Não sei dizer quando exatamente aconteceu, mas eu me dei conta de que era preciso rever esta relação com o sentir.

Decidi olhar para mim. Pode ter sido a experiência da maternidade, que é um grande portal, ou outra coisa qualquer, o que posso afirmar é que, de repente, surgiu a necessidade de mudar. O desejo de me (re)conhecer. Esta vontade veio acompanhada de velhos interesses. A escrita é um deles. Não me refiro a esta escrita que tem feito parte da minha vida nos últimos anos. Relatórios, monografias, traduções, dissertação de mestrado, etc. etc. etc.

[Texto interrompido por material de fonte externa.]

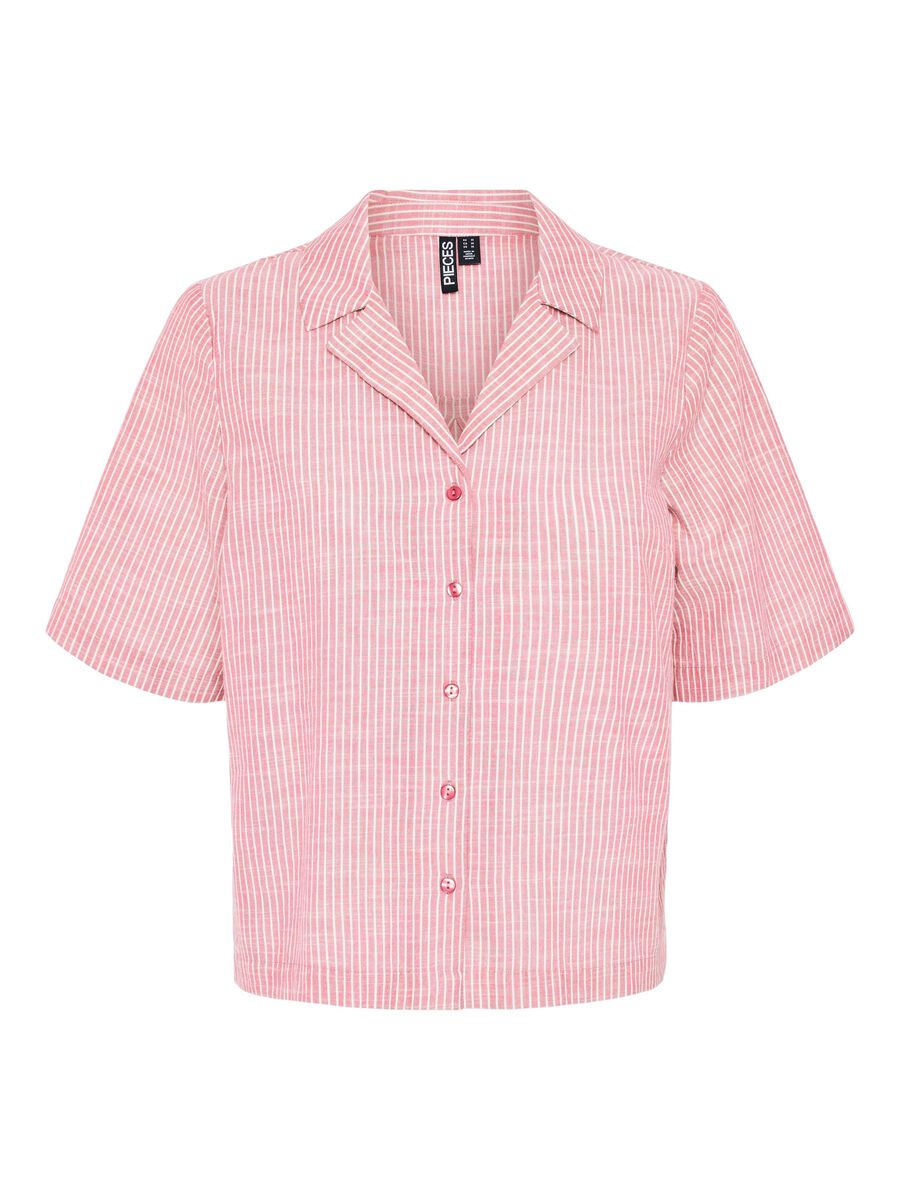 Pieces PCAPIA 2/4 LINEN-BLEND SHIRT, Pink Lemonade, highres - 17155305_PinkLemonade_1161536_001.jpg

Falo da escrita que vem de dentro, que revela o que temos de mais particular, que me permite ser vulnerável.

Quero aceitar, com verdade, que não há certo ou errado. Talvez a única verdade seja que passei tempo demais presa às receitas que me ensinaram. Segui muitos protocolos, para descobrir que eles podem estar completamente equivocados. E assim, me abro para as incertezas, para as possibilidades, para o desejo de desenhar novos caminhos. Mesmo que eles não me conduzam a lugar nenhum. Quero poder dizer que a autora sou eu.

Eu escolhi vir por aqui. Não busco o mapa da escrita, só quero me abrir para o mistério, ainda que para isso seja necessário me arrastar por labirintos internos escuros sem saber quais monstros posso encontrar.